By: Sam Maher
Oral delivery of therapeutic peptides has been a constant source of frustration for delivery and formulation scientists over the last 50 years. Peptides are poorly absorbed via the oral route due to digestion and poor movement across the gut wall. For a long time the problem was limited to insulin and the non-peptide heparin, but today there are 60+ peptide drugs marketed worldwide, the majority of which are delivered using needles. Effort to enable more convenient oral delivery is associated with a minefield of proof-of-concept delivery systems, which to date have failed to translate into successful oral formulations. The extensive literature on oral peptide delivery has helped to shape specialities such as biopharmaceutics, although the volume of delivery systems that fail to deliver on their promise—especially those that have progressed to clinical testing—has raised concerns about whether peptides can be delivered via the oral route.

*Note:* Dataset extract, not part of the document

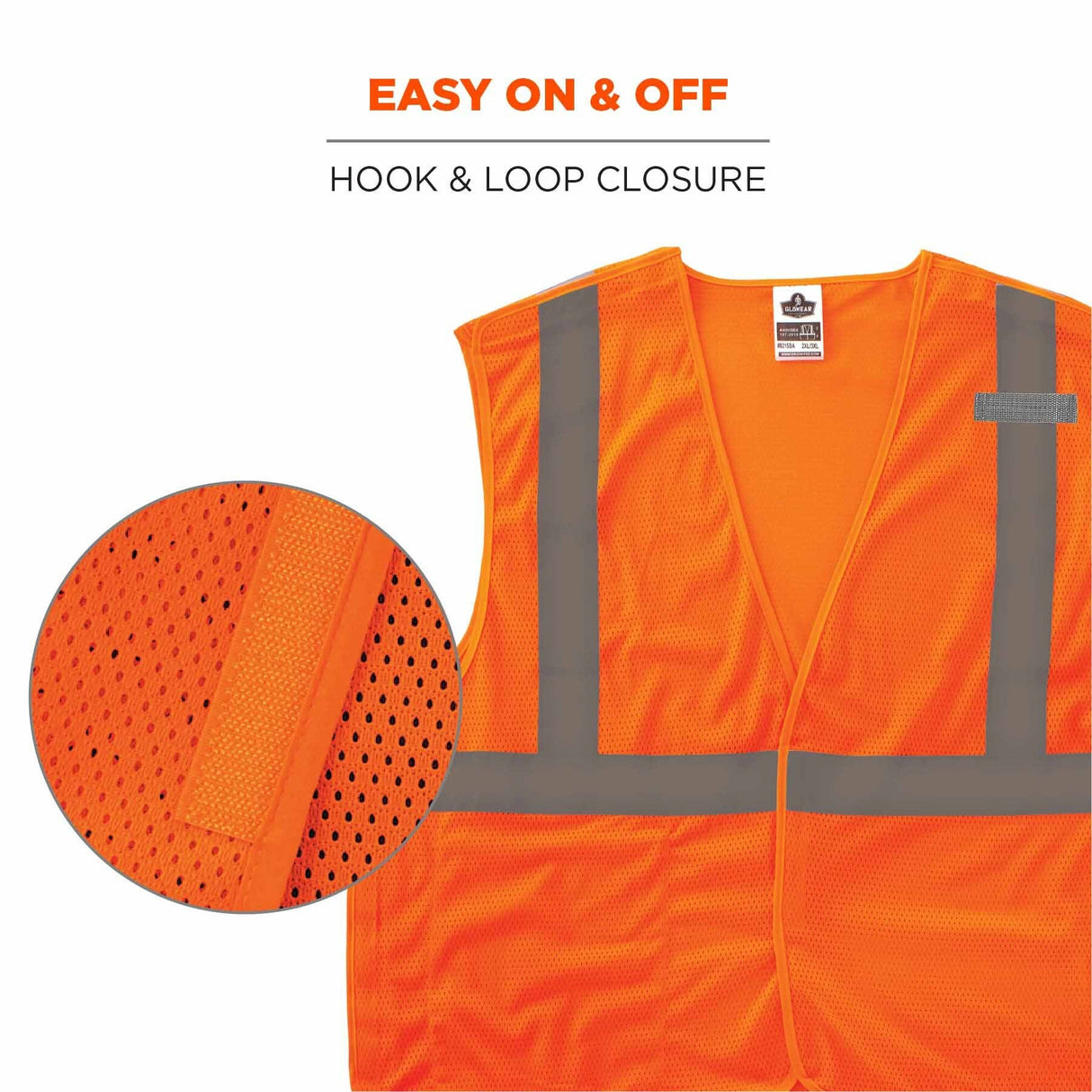 Ergodyne 24554 8215BA-S L Orange Class 2 Economy Breakaway Mesh Vest - Single Size - 5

It is worth emphasising that there are nine peptides that have been successfully marketed via the oral route, and these provide valuable information on potential future innovation. In short, all of these peptides are cyclised or chemically modified to limit digestion. Seven are intended to act in the digestive tract and only two reach systemic targets: desmopressin and cyclosporin. These peptides are atypical, and hence have not been lauded as milestones in oral peptide delivery, but they do provide information that could promote innovation and future success.
Desmopressin (DDAVP®, Teva) is successful because it is potent, has a long plasma half-life, a wide therapeutic index, and is relatively small and stable. Even still, only 0.17% is absorbed in to the systemic circulation. Few peptides meet these requirements with low potency, large size, and lower half-life significantly impacting potential oral activity (Table 1). The ultimate question is can a delivery system or structural modification enable administration via the oral route for peptides that do not share these properties.
|Peptide||Disadvantages (Vs Desmopressin)||Advantages (Vs Desmopressin)||Route of administration|
|Octreotide||· Low potency||· ―||· Injectable|
|Exenatide||· Large size||· ―||· Injectable|
|GLP-1||· Large size
· Short half life
|· ―||· Injectable*|
|Insulin glargine||· Low potency
· Large size
|· ―||· Injectable|
|Insulin||· Low potency
· Large size
· Short half-life
|· ―||· Injectable|
|Semaglutide||· Large size||· Long half-life||· Injectable/Oral*|
|Cyclosporin||· Low potency||· Lipophilic||· Oral|
Table 1: Comparison of peptides of interest in oral delivery versus desmopressin (* in development)
Whether to focus on drug or delivery system in discovery was the subject of debate at the 2016 AAPS Annual Meeting session Where to Invest? The Drug or the Delivery System?, presented by Christopher A. Lipinski and Marshall Crew. The most challenging peptides could benefit from a dual focus where modification reduces the demand on the delivery system. For example, semaglutide (Novo Nordisk) is a potent, long acting GLP-1 analogue that has been combined with a delivery system that has been successful with more challenging macromolecules (Eligen®, Emisphere).
Most marketed peptides have good solubility in water, a property that sometimes confers poor movement across the gut wall. Cyclosporin on the other hand has low water solubility and, concurrently, much improved permeability across the gut wall; but only if poor solubility is corrected using a delivery system (e.g., Neoral®, Novartis). Approximately 27% of cyclosporin is absorbed into the systemic circulation despite being bigger than desmopressin (0.17%) and several injectable peptides (e.g., octreotide). The challenge therefore is: can peptides be physically or chemically modified to make them more like cyclosporin, and if so, can the modified peptide be combined with a suitable drug delivery system? Promising prototypes are beginning to emerge in the scientific literature, and these warrant rational consideration without bias based on past failures in oral peptide delivery.